A dual-inhibition aptamer gated OPECT biosensor based on a MOF-derived CAU-17/Bi2S3 Z-scheme heterojunction for rapid detection of bacterial quorum sensing signal molecules

Abstract

Quorum sensing signal molecules, essential biomarkers released by microorganisms, can regulate the adhesion and aggregation of microorganisms on marine engineering surfaces. Therefore, the development of a convenient and sensitive method to effectively detect quorum sensing signal molecules holds significant importance in monitoring the formation and development of marine biofouling. Advanced optoelectronics are expected to create more opportunities for the detection of quorum sensing signal molecules.
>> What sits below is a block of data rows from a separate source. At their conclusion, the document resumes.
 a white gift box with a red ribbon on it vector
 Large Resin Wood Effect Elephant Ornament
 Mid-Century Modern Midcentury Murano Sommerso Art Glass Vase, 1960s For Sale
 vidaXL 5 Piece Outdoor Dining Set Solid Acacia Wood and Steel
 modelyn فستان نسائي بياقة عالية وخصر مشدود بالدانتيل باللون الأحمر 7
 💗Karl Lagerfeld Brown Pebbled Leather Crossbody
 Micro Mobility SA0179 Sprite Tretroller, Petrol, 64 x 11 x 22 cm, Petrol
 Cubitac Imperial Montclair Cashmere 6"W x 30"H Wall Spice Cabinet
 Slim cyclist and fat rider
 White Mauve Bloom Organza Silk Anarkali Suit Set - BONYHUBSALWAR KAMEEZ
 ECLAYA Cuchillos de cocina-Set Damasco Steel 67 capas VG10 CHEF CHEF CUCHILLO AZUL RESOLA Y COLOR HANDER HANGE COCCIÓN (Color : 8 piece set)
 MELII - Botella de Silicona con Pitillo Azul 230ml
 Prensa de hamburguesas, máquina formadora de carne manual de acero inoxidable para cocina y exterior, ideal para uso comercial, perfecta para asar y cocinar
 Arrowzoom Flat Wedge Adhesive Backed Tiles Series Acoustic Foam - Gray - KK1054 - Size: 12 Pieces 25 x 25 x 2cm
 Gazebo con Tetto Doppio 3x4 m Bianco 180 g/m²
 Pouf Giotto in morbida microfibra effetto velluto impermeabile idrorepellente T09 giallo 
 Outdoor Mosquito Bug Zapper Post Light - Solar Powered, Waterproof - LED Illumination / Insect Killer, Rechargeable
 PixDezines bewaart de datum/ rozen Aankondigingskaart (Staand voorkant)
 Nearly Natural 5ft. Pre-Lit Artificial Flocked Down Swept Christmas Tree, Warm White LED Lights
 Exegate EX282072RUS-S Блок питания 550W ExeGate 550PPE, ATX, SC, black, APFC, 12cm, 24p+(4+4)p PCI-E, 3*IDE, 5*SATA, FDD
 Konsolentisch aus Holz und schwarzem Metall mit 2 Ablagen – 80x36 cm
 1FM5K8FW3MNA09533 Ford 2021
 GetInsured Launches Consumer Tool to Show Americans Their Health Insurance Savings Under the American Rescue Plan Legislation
This study presents a novel CAU-17/Bi₂S₃ Z-scheme heterojunction derived from metal–organic frameworks (MOFs), which was used as the photoactive material in the photoanode of organic photoelectrochemical transistor (OPECT). Combined with a dual inhibition signal amplification strategy and specific recognition of the self-screened aptamer, the typical quorum sensing signal molecule N-(3-oxodecanoyl)-L-homoserine lactone (3-O-C10-HL) was determined accurately. Specifically, the CAU-17/Bi₂S₃ photoanode can effectively regulate the poly(ethylene dioxythiophene): poly(styrene sulfonate), realizing a high gain of electric current and further ultrasensitive detection of 3-O-C10-HL. The proposed OPECT aptasensor exhibited an excellent analytical performance in terms of high specificity and sensitivity, with a detection limit of 0.441 pM for 3-O-C10-HL. This work marks the first instance of detecting 3-O-C10-HL using an OPECT biosensing platform, not only providing an effective approach for the determination of functional molecules but also revealing the potential application prospects of MOF-derived materials in the optoelectronic field.